━━━ Data

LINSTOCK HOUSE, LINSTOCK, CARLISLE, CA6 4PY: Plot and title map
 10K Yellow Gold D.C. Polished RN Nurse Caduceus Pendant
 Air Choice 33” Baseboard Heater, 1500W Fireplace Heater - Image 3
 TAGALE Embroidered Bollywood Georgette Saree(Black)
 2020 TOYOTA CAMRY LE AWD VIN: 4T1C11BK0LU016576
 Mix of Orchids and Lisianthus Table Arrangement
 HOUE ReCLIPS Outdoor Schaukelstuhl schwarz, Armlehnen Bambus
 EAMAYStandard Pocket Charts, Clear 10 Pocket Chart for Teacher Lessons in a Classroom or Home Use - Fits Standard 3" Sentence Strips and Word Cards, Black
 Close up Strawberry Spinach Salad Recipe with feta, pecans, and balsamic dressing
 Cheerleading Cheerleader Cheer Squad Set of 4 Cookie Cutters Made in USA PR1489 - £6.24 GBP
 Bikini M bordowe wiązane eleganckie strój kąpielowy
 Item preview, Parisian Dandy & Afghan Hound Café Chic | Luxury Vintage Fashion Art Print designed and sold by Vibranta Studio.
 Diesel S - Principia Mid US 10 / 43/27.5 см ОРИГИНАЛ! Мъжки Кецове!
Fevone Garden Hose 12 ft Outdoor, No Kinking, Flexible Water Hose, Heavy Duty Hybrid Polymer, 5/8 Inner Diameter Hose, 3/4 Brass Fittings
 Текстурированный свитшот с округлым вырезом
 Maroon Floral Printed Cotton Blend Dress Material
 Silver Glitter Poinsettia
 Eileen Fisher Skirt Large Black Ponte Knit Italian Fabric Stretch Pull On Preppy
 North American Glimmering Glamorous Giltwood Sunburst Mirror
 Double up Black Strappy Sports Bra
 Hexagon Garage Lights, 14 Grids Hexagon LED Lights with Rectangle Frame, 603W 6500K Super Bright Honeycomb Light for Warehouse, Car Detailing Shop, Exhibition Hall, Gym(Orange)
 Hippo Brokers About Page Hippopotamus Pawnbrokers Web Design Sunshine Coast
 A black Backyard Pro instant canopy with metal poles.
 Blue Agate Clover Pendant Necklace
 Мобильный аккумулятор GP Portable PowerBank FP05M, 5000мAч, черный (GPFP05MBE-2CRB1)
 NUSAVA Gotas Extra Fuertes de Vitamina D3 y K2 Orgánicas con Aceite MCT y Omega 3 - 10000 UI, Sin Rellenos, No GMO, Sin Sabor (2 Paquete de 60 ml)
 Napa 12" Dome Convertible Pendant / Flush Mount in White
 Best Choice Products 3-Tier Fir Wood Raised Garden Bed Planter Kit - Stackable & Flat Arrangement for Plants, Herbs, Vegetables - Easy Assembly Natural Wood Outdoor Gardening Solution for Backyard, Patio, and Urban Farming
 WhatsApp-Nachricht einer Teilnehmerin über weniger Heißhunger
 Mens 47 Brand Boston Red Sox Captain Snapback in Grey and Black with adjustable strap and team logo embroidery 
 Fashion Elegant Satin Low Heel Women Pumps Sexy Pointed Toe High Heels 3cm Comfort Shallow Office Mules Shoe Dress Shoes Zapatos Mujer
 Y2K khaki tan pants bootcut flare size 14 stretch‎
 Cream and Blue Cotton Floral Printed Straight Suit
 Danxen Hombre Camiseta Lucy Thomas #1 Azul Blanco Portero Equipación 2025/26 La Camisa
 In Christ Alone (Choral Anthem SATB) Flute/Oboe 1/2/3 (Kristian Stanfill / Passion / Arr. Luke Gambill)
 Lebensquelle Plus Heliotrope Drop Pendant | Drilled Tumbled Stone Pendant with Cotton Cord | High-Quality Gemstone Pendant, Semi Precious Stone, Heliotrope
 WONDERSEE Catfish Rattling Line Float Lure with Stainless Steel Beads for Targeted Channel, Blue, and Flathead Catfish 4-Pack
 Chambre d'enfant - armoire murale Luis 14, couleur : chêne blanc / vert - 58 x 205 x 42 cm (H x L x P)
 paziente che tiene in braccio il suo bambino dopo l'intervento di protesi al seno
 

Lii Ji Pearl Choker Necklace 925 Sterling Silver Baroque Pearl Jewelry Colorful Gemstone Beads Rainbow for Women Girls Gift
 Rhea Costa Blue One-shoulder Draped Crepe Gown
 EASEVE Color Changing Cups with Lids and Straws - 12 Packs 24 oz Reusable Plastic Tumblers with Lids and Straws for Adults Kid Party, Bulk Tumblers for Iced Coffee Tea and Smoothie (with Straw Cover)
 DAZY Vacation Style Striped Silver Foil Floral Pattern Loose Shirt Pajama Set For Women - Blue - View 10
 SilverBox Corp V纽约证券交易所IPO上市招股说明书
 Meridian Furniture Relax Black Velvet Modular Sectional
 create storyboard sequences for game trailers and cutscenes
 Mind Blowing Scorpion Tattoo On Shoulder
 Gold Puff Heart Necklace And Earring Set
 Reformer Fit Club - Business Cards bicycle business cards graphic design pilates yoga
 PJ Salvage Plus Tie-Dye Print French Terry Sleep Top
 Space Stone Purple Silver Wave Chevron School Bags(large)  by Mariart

━━━━━━

Your goal: An exact copy of the lines above between the line holding "Item preview, Parisian" and the line holding "Diesel S - Principia", inclusive, is the whole answer.

Exercise answer:
 Item preview, Parisian Dandy & Afghan Hound Café Chic | Luxury Vintage Fashion Art Print designed and sold by Vibranta Studio.
 Diesel S - Principia Mid US 10 / 43/27.5 см ОРИГИНАЛ! Мъжки Кецове!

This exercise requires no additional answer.